I would guess that water occurs, in some form or another, in about two thirds of Courbet’s paintings — often in the foreground. (The rural bourgeois house in which he was born juts out over the river. Running water must have been one of the first sights and sounds which he experienced). When water is absent from his paintings, the foreground forms are frequently reminiscent of the currents and swirls of running water (for example,
The woman with a parrot, The sleeping spinning girl
).
The lacquered vividness of objects, which catch the light in his paintings, often recalls the brilliance of pebbles or fishes seen through water. The tonality of his painting of a trout underwater is the same as the tonality of his other paintings. There are whole landscapes by Courbet which might be landscapes reflected in a pond, their colour glistening on the surface, defying atmospheric perspective (for example,
The rocks at Mouthier
).

He usually painted on a dark ground, on which he painted darker still. The depth of his paintings is always due to darkness — even if, far above, there is an intensely blue sky; in this his paintings are like wells. Wherever forms emerge from the darkness into the light, he defines them by applying a lighter colour, usually with a palette knife. Leaving aside for the moment the question of his painterly skill, this action of the knife reproduced, as nothing else could, the action of a stream of light passing over the broken surface of leaves, rock, grass, a stream of light which confers life and conviction but does not necessarily reveal structure.

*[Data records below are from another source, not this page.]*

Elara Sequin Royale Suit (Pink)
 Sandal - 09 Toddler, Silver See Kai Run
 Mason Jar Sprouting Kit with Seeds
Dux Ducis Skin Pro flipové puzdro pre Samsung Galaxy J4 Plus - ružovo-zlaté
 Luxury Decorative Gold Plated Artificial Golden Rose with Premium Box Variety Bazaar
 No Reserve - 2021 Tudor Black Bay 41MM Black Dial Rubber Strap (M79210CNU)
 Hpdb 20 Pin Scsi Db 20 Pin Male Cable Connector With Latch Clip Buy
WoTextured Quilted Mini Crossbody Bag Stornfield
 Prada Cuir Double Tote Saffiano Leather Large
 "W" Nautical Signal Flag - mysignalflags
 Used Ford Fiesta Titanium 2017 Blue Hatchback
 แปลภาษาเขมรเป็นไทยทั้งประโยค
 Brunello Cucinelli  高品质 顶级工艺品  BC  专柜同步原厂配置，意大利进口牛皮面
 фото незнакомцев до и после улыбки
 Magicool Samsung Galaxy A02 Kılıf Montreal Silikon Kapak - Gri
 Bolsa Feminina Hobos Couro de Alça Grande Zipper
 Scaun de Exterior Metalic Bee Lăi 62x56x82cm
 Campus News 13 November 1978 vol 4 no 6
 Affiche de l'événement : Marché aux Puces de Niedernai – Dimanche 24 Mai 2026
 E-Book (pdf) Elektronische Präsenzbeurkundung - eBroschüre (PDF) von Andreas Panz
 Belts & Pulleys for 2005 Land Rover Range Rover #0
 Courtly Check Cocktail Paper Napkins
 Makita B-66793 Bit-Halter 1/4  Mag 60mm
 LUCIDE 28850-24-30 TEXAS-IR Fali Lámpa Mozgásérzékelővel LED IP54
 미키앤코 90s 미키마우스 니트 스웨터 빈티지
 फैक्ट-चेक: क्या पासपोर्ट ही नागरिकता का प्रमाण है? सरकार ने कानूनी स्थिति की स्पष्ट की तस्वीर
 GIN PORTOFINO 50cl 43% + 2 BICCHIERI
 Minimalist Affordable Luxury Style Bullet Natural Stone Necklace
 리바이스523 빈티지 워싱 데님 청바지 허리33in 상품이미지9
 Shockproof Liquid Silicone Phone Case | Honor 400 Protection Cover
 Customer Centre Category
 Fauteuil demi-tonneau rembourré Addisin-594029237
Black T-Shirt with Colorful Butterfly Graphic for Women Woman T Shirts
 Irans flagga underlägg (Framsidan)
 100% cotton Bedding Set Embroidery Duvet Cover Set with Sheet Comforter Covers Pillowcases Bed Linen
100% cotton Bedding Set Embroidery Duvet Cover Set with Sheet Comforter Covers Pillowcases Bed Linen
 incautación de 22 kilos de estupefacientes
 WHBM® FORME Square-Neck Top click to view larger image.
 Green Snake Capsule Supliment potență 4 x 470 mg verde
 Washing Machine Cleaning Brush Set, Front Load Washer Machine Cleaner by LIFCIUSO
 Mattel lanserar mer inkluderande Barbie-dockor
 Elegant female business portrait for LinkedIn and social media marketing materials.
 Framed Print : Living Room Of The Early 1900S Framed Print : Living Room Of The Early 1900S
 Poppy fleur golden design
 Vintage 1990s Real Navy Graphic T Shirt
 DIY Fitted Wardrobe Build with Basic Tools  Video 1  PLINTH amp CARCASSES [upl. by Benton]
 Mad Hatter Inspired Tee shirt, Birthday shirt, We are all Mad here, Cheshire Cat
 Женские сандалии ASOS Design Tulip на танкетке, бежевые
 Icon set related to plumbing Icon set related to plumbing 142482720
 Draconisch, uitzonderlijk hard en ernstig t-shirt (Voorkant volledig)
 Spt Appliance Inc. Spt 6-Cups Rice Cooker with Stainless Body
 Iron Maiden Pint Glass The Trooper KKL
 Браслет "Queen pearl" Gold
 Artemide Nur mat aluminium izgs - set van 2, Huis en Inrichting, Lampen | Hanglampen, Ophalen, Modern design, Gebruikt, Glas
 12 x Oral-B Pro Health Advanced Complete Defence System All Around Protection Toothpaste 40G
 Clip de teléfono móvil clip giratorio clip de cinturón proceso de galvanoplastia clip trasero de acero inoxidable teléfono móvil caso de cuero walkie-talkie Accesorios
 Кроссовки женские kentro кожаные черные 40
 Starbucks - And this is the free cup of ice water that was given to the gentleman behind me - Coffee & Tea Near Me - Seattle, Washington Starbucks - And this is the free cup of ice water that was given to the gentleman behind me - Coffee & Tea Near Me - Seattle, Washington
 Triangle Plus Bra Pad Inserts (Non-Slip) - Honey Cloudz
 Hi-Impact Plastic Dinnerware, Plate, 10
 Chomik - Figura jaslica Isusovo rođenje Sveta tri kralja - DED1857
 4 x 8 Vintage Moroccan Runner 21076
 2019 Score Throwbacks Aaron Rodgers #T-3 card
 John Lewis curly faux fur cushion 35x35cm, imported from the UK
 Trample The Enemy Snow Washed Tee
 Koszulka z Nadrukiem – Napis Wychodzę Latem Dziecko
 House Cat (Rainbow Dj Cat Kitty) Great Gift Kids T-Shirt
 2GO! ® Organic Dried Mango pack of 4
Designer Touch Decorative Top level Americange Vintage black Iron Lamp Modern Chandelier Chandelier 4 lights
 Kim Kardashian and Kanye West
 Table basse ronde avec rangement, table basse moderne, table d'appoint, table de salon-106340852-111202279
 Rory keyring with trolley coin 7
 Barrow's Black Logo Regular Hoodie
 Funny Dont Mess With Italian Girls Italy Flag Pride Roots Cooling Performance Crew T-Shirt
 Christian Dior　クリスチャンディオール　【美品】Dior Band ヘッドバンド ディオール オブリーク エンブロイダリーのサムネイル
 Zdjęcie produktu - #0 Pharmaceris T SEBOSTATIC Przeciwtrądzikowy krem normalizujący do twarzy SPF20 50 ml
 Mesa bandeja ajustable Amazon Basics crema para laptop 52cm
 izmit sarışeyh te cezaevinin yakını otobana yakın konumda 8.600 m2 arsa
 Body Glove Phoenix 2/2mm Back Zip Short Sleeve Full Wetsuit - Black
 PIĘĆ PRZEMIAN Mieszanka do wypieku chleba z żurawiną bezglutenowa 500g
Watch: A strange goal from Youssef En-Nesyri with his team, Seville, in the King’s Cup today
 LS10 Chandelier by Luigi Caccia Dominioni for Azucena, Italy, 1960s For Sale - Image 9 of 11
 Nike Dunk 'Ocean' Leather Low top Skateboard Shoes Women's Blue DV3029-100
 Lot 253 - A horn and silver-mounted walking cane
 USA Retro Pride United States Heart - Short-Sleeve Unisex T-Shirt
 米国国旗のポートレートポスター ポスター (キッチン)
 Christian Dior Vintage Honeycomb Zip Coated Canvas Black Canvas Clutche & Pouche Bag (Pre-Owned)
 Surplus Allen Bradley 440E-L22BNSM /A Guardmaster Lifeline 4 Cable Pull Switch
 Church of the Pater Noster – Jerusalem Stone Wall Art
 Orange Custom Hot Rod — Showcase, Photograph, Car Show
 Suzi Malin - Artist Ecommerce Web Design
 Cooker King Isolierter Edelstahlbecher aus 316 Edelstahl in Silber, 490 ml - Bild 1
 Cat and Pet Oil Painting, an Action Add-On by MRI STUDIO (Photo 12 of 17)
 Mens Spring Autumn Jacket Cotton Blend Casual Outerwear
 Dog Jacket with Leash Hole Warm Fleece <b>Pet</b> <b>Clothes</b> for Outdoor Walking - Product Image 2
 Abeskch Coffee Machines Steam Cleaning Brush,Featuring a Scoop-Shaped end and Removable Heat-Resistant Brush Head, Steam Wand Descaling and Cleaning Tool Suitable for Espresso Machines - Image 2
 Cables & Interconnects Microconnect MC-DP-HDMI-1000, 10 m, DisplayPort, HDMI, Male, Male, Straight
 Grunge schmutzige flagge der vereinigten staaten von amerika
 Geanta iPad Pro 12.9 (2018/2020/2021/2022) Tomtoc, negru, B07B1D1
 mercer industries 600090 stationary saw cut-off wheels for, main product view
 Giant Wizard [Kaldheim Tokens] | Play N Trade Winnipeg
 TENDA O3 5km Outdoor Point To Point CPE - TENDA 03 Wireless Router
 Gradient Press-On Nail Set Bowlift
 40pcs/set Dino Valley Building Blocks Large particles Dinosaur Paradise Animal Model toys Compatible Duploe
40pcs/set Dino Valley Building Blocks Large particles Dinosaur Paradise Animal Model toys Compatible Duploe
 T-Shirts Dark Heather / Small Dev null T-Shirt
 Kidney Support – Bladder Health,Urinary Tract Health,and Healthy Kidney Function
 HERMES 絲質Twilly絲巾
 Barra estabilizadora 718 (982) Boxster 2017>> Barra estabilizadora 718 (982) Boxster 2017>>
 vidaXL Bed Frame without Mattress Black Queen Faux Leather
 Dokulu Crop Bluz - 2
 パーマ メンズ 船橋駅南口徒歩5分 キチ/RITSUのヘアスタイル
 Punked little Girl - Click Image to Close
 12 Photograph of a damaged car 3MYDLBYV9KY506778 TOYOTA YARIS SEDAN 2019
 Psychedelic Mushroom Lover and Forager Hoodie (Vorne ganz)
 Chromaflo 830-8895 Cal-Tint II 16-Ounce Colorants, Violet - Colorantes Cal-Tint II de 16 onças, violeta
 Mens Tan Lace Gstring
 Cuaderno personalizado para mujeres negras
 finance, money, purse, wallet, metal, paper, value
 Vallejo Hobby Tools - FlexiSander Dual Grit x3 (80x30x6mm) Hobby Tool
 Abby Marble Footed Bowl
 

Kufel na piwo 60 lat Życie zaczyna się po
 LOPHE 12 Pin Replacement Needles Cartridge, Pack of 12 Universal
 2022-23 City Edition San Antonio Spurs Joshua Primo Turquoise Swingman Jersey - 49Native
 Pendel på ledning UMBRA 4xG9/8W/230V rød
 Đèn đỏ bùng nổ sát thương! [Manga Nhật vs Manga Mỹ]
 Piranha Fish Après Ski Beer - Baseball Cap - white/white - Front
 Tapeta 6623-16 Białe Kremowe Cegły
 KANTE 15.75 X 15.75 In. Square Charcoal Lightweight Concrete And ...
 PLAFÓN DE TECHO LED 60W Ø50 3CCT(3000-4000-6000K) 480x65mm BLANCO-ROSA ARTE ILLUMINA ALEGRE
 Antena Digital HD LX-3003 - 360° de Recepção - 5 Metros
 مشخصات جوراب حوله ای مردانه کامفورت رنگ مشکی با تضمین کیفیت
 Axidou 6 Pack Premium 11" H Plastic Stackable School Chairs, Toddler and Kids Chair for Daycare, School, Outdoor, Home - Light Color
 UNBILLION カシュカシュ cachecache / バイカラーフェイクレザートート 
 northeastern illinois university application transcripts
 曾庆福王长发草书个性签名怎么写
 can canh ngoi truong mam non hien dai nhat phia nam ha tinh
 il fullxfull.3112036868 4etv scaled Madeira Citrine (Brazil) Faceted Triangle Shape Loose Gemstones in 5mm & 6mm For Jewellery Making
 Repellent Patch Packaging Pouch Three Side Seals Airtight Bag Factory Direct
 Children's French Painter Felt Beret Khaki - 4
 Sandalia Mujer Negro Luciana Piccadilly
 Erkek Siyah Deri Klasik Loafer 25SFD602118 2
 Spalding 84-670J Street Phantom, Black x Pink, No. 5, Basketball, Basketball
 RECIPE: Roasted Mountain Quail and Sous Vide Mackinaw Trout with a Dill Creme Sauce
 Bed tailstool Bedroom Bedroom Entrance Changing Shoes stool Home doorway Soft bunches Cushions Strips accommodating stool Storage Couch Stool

Correspondences like these suggest an intimate relationship between Courbet’s practice as a painter and the countryside in which he grew up. But they do not in themselves answer the question of what
meaning
he gave to appearances. We need to interrogate the landscape further. Rocks are the primary configuration of this landscape. They bestow identity, allow focus. It is the outcrops of rock which create the presence of the landscape. Allowing the term its full resonance, one can talk about
rock faces.
The rocks are the character, the spirit of the region. Proudhon, who came from the same area, wrote: ‘I am pure Jurassic limestone.’ Courbet, boastful as always, said that in his paintings, ‘I even make stones think.’